BEGIN DATA EXTRACT

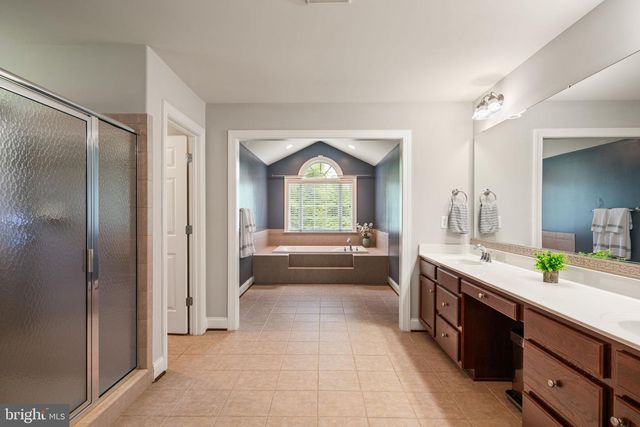 65 BROOKE CREST LN, Stafford, VA 22554
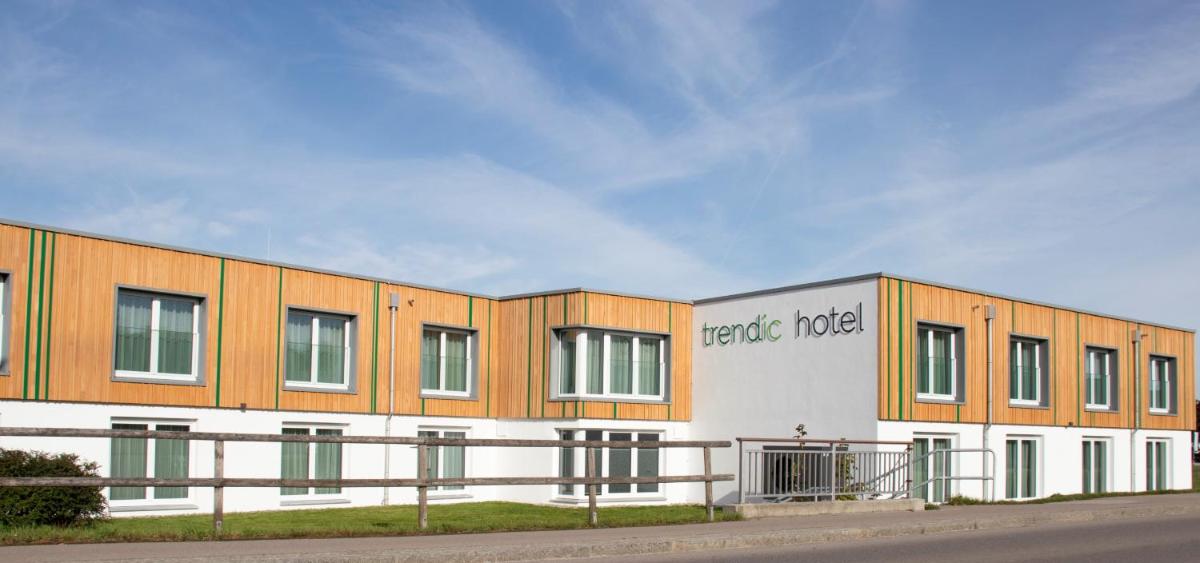 Suitetrails - Trendic Hotel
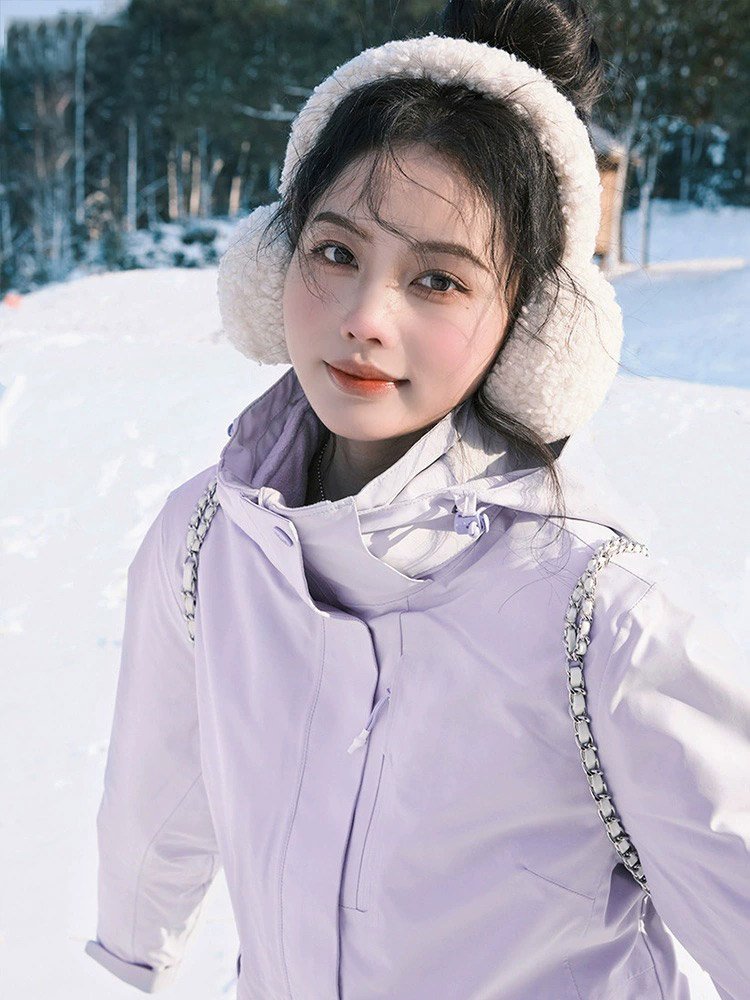 GU'S LITTLE T-SHIRT GIRL, A NEW 2024 IN AUTUMN AND WINTER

END DATA EXTRACT

EXERCISE INSTRUCTIONS:
Copy exactly, please, the lines that run from the line holding "Suitetrails - Trendic Hotel" through the closing line of the material above, omitting every picture.

YOUR RESPONSE:
 Suitetrails - Trendic Hotel
 GU'S LITTLE T-SHIRT GIRL, A NEW 2024 IN AUTUMN AND WINTER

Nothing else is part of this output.